Let $A$ be a set of $k>1$ distinct elements from a semigroup. We wish to compute the product $$ p=b_1 b_2 \cdots b_n$$ where each $b_i\in A$. Clearly $n-1$ multiplications suffice to compute $p$; can we do it with fewer?

Let $m=m(b_1,...,b_n)$ be the minimum number of multiplications required to compute $p$. My specific questions are:

- Can we compute $m$ in polynomial time?
- Can we answer question #1 constructively, i.e. actually figure out which $m$ terms can be multiplied together to compute $p$? If not, can we do it with some approximation guarantee (like "at worst we use $2m$ terms"?)

The interesting case (for my application, anyway) occurs when $n\gg k$ (so there are many common subexpressions) but the semigroup is noncommutative (so you cannot simply rearrange terms and use repeated doubling).

Let me outline one simple (but insufficient) approach.
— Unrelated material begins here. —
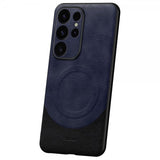 Sulada Samsung Galaxy S24 Plus Skal Magnetic Series Blå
Suppose that we begin by computing all products of (not necessarily distinct) pairs from $A$. Then we can compute $p$ with $k^2+(\lceil n/2 \rceil -1)$ multiplications by multiplying the terms two at a time. If $k^2\ll n$, then we have essentially halved the number of multiplications. Analogous reasoning can be extended to provide roughly an $\lfloor \log_k(n)-\log_k(\log_k(n)) \rfloor -1$ improvement in the number of multiplications. However, for highly repetitive strings we could do much better still.

This problem arose in the context of parallel inference algorithms for hidden Markov models; the noncommutative semigroup in question consists of non-negative matrices over the reals.